IPv6 enabled websites are steadily increasing as the availability of IPv4 addresses continue to diminish. While most current company network architectures already support IPv4, it is crucial that applications be ready to support the new IPv6. Migrating to IPv6 is not easy and challenges may arise involving both the network and application layers, as zveloLABS.
At the network layer, one challenge that may arise is when an ISP does not support IPv6. There are a few workarounds; including using IPv6 tunneling and/or tunnel brokers to enable IPv6 connectivity. Hurricane Electric, Freenet6 and SixXS are among the most popular companies that provide IPv6 connectivity solutions. zvelo made similar arrangements with our ISP providers to address the network requirements for processing URLS that reside within IPv6 networks.
The modification of programming libraries presents its own challenges, as approaches implemented by programming languages to support IPv6 differ from one another. Some programming languages, like C/C++, Perl and PHP, do not support IPv6 natively. This means that many libraries will not be backwards compatible when IPv6 support is added to them.

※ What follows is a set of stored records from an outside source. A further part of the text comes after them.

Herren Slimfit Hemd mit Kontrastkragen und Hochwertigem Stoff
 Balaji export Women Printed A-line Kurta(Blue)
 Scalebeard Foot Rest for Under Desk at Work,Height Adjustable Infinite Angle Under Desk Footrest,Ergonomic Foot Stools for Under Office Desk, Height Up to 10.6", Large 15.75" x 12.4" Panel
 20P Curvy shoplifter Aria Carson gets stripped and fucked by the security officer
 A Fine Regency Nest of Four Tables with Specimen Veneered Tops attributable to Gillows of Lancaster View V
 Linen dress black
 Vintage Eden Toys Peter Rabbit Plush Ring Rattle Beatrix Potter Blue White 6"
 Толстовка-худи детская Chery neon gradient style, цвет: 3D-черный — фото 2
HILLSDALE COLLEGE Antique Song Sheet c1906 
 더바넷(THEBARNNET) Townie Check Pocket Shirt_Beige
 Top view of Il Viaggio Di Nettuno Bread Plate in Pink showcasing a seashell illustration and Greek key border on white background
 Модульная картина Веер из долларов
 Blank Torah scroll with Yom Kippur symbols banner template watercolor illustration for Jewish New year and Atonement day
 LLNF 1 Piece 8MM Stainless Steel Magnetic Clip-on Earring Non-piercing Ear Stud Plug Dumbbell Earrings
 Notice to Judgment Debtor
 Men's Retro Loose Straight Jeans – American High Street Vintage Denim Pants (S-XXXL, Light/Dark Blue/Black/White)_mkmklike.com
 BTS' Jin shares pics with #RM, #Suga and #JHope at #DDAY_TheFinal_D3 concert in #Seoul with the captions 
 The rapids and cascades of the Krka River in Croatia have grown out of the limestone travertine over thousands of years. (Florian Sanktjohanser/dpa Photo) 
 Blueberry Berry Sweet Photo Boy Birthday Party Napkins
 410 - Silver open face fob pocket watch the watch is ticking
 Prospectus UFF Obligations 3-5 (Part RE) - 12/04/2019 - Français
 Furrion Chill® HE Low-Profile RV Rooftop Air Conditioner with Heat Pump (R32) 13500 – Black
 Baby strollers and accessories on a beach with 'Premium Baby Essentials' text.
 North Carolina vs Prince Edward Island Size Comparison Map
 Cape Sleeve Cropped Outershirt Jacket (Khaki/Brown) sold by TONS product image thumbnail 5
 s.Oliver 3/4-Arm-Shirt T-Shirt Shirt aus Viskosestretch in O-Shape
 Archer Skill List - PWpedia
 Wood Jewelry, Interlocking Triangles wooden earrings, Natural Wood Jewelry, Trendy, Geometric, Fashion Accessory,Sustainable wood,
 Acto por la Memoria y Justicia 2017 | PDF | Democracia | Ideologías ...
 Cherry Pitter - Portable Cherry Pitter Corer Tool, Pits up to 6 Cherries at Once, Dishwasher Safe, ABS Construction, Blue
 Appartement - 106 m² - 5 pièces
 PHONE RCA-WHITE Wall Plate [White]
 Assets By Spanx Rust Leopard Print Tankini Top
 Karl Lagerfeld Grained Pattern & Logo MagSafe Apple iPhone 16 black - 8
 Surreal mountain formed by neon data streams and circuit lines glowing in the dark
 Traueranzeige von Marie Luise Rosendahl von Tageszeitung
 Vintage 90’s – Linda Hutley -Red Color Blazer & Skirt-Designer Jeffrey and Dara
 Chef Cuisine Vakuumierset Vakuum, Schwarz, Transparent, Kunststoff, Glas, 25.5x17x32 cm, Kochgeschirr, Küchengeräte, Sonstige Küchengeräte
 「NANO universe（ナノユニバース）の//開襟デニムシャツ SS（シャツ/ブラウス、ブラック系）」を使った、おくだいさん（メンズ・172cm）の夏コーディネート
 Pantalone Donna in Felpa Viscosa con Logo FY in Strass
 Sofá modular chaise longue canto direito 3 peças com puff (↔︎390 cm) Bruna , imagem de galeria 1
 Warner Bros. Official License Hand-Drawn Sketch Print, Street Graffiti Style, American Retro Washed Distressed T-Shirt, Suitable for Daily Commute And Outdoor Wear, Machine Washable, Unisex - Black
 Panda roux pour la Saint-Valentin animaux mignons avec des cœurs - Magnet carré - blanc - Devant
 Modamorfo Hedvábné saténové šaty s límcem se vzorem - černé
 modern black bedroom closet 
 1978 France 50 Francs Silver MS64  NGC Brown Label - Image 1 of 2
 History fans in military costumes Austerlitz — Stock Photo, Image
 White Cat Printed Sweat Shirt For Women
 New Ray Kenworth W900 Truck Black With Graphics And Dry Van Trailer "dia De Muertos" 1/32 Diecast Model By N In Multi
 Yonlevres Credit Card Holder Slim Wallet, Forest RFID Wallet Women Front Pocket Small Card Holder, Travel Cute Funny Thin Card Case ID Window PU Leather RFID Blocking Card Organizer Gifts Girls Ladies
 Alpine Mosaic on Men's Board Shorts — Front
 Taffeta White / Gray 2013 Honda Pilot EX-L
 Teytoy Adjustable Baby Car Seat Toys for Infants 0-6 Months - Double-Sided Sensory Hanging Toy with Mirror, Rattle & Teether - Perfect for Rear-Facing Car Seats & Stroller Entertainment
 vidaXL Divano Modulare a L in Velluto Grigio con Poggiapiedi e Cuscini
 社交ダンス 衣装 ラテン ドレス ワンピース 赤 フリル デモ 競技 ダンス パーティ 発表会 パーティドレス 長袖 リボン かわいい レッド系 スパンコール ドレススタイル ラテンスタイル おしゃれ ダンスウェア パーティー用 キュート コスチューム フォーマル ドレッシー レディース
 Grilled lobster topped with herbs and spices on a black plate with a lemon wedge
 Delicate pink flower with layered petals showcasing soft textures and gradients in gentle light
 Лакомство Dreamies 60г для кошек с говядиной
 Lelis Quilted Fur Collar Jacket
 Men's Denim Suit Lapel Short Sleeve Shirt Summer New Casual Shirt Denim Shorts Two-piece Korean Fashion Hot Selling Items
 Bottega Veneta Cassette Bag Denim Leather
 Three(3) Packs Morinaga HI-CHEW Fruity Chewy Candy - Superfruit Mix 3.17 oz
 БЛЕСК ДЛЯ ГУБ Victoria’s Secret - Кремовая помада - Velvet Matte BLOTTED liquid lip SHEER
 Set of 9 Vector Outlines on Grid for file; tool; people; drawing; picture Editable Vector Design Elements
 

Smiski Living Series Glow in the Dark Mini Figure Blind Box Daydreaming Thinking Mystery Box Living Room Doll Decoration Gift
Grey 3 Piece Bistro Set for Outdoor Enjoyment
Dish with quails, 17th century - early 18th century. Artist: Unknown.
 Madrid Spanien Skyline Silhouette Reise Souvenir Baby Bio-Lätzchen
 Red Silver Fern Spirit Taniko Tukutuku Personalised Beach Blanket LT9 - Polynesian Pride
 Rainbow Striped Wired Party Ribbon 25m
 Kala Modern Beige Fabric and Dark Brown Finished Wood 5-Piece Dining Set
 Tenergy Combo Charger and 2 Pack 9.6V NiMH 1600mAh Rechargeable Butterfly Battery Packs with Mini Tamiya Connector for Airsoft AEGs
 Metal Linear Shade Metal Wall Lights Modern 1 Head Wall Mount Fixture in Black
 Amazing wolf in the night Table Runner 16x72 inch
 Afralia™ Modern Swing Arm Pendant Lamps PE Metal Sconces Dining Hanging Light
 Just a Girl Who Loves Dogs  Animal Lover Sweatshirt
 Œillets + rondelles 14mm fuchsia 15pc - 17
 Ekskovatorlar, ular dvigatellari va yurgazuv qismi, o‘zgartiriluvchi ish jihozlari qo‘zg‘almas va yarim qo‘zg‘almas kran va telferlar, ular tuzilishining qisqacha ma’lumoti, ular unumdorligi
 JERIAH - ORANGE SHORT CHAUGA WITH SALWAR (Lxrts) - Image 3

A specific example of this is Perl 5.10, which does not support IPv6. External modules such as Net::INET6Glue, Socket6, IO::Socket::INET6 and IO::Socket::IP take care of some aspects of the needed support, but none of them cover all of the necessary upgrades. Since the developer community is still currently in process of supporting IPv6, there is a possibility that these modules will not be backwards compatible as well.
After testing a number of the external modules listed above, we concluded IO::Socket::IP was the best match for our needs. Its purpose is to replace the IO::Socket::INET module which plays an important role in developing networking applications. IO::Socket::IP also supports both IPv4 and IPv6. In Perl 5.10, this module is dependent with the Socket6 module, which coincidentally will no longer be required in Perl 5.14. In testing, it was found that the IO::Socket::IP module did require some additional changes on top of the support it offered. One example of this was found in the Net::HTTP module where the code to parse a URL was retrieving the port by using a colon as a delimiter (which conflicted with the IPv6 address which uses a colon as a separator).
In the near future, websites that use IPv6 will coexist with other IPv4 sites. IPv6 will not immediately replace IPv4, though.
As initially stressed, supporting IPv6 comes with many challenges. Finding the right workaround may boil down to experimentation. zveloLABS trusts that the sharing of our own findings proves beneficial in finding something that works to ensure IPv6 connectivity.